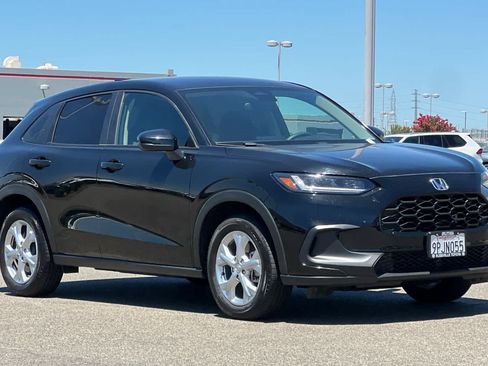 Used 2025 Honda HR-V LX image 5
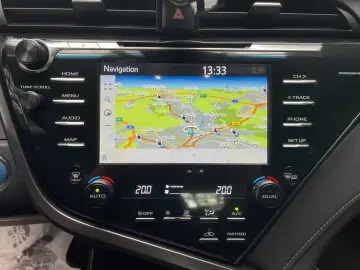 TOYOTA Camry Hybrid Executive  LED CAM Leder el. Sitze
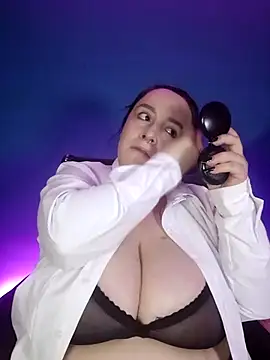 Snapshot of Lena_black_ chatting on 05/13/26, 10:00 Lena black online show from 05/13/26, 10:00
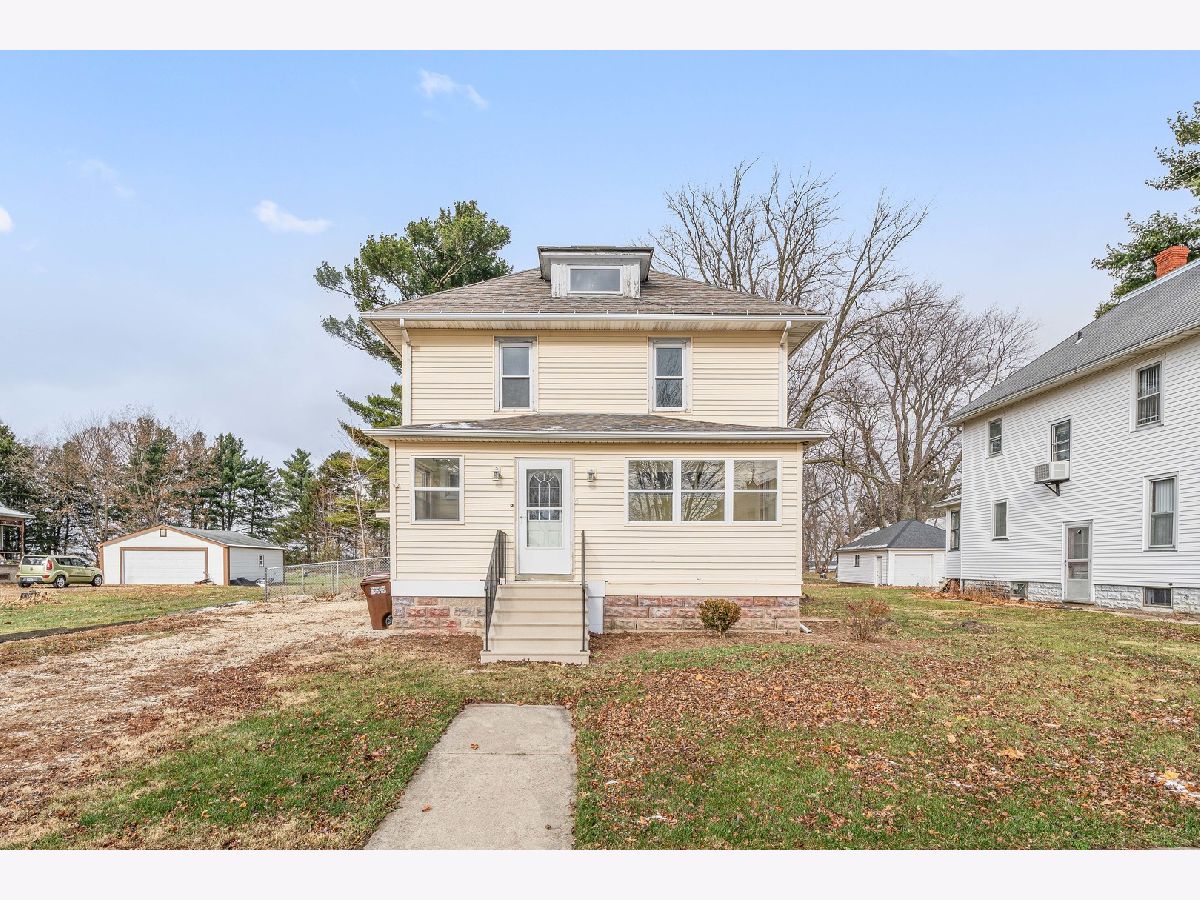  Sold Lee Illinois, 241 Hardanger Gate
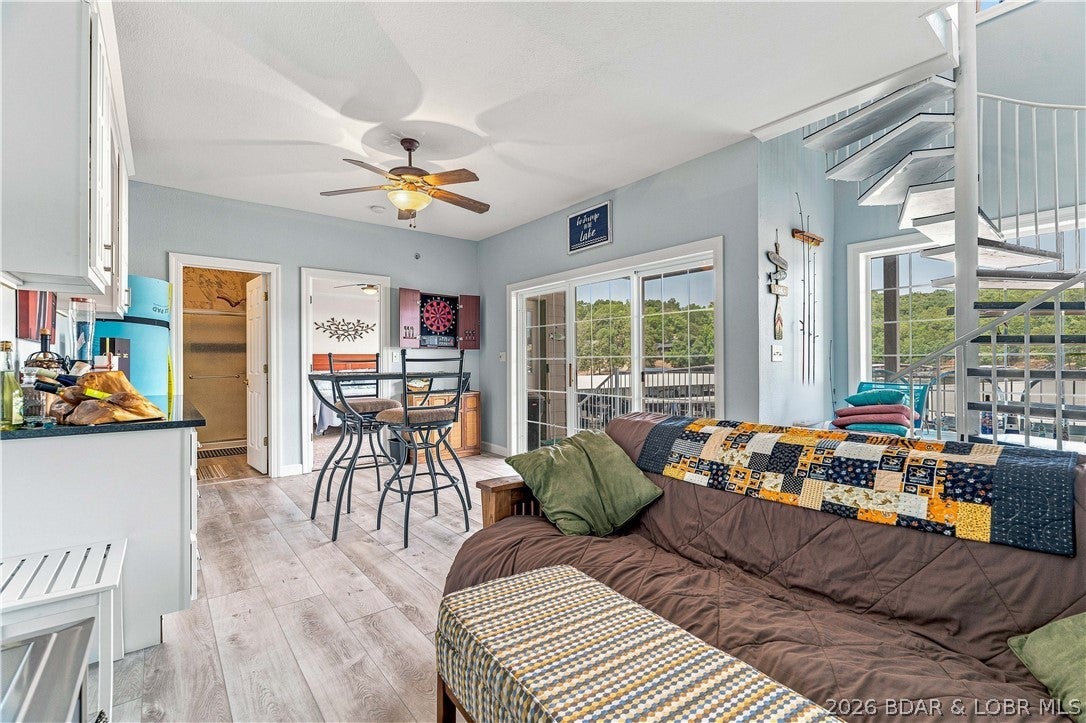Lighthouse Pointe Condominium - Residential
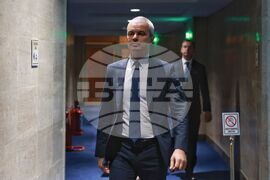 Парламент - кулоари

▬▬▬

> TASK PROMPT:
Your copy of the entries above must be exact and must not include pictures.

> SOLUTION TO THIS EXERCISE:
 Used 2025 Honda HR-V LX image 5
 TOYOTA Camry Hybrid Executive  LED CAM Leder el. Sitze
 Snapshot of Lena_black_ chatting on 05/13/26, 10:00 Lena black online show from 05/13/26, 10:00
  Sold Lee Illinois, 241 Hardanger Gate
Lighthouse Pointe Condominium - Residential
 Парламент - кулоари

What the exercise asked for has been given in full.